How to complete this task> Output the data below exactly, images excluded.
:: Raw data ::
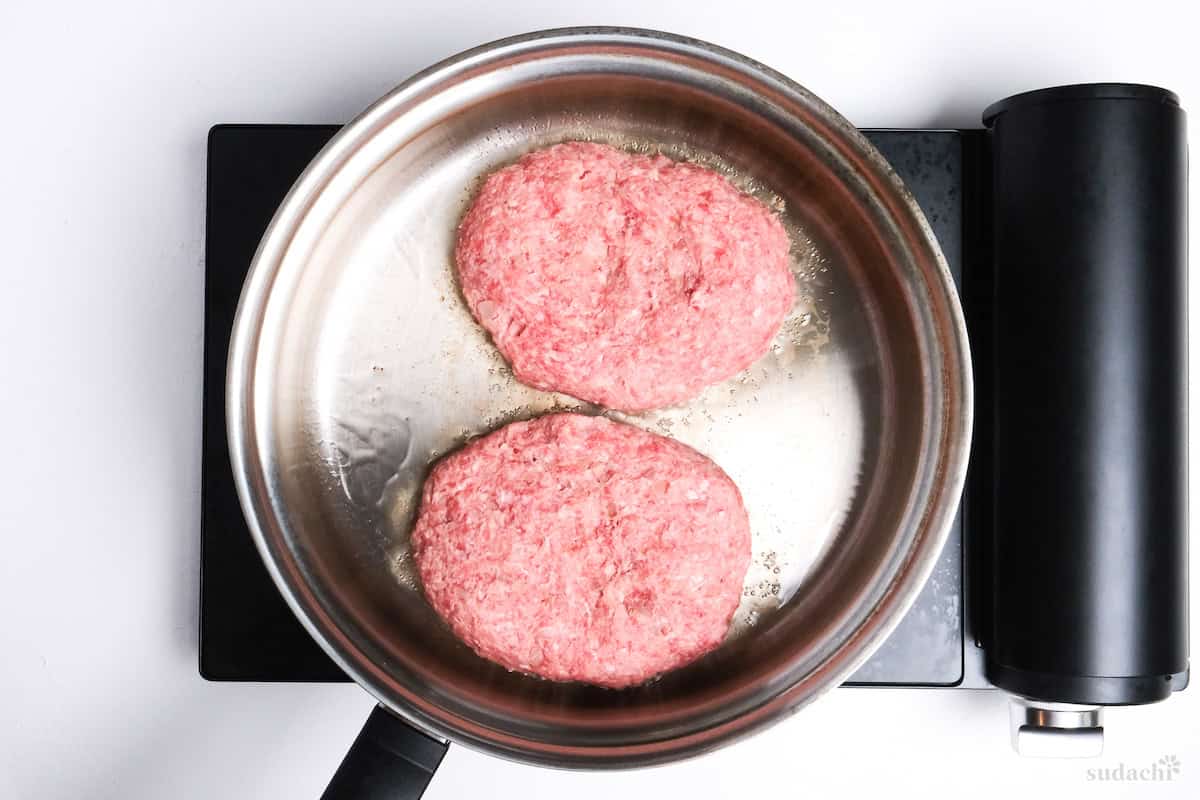 two hamburg patties frying in a stainless steel pan on the stove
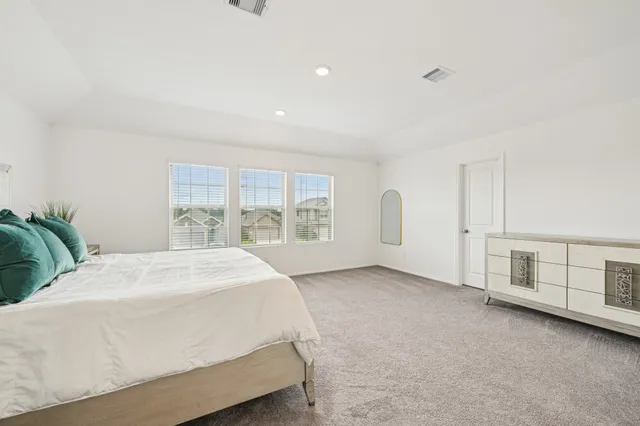 a bathroom with a sink mirror and toilet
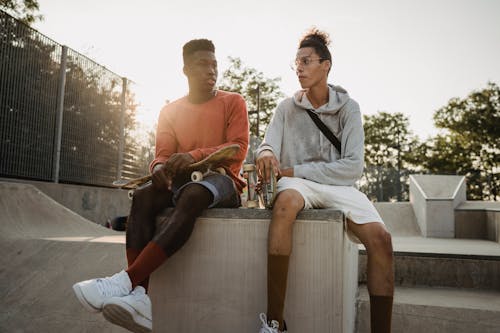 Diverse skateboarders talking on skate ramp in evening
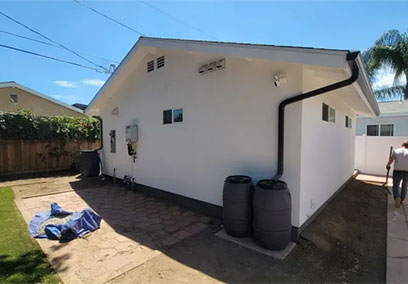 White Residential Building Exterior with Guttering and Side Yard in West Hills CA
:::
Answer area>
 two hamburg patties frying in a stainless steel pan on the stove
 a bathroom with a sink mirror and toilet
 Diverse skateboarders talking on skate ramp in evening
 White Residential Building Exterior with Guttering and Side Yard in West Hills CA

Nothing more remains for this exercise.